Coming to terms with the ‘human’ factors
But giving too much weight to macro factors can risk painting the conflict as a rather abstract affair that glosses over the horror and the suffering of those whose lives it touches. In any case, to really understand and counter the violence in Ukraine peacemaking efforts need to be situated at the interface between the macro and the micro, where political realities intersect with the complex web of identities, emotions and loyalties of the protagonists on the front line. Political settlements are crucial, but peace in Ukraine will be impossible without the intervention of peacemakers versed in the local conditions and human factors that have helped to escalate and perpetuate the violence.
The power of fear
For me, the critical role of civil society and local peacemakers in delivering peace in Ukraine becomes apparent once we begin to think about the way one of the most powerful ‘human’ drivers of conflict has worked in Ukraine – the pervasive sentiments of fear and insecurity.
For most of human history, fear has played an essential evolutionary role. But in conflict scenarios fear has a sort of deadly, spiral logic. We tend to respond to fear and insecurity by seeking out safety in numbers and making aggressive shows of strength to reassure unsettled allies and to ward off potential aggressors. History suggests we’re also more likely to countenance repressive moves to either eliminate or sufficiently disarm the source of threat.

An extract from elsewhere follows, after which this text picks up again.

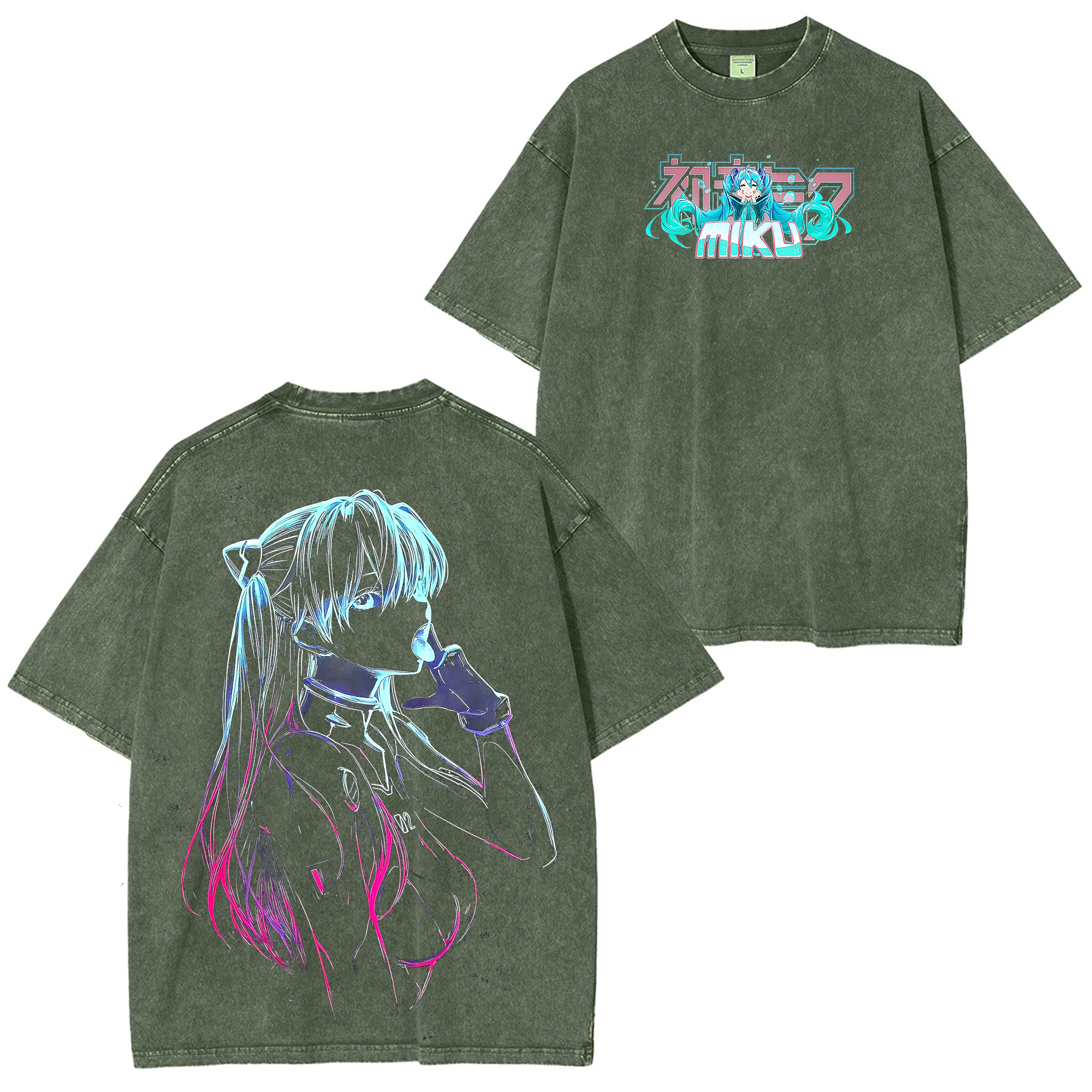 Neon glitch Miku Oversized T-shirt/Crewneck/Hoodie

The problem is that such moves are invariably self-reinforcing, because when we mobilise, or engage in ‘aggressive defence’, our actions tend to exacerbate the sense of fear in our rivals, encouraging ever greater mobilisation and ever louder expressions of solidarity – a sort of social arms race, if you will. As the level of fear increases, gestures of détente, conciliation and compromise are increasingly seen as threats to the fragile sense of security, or as first steps on the path to defeat and, ultimately, annihilation.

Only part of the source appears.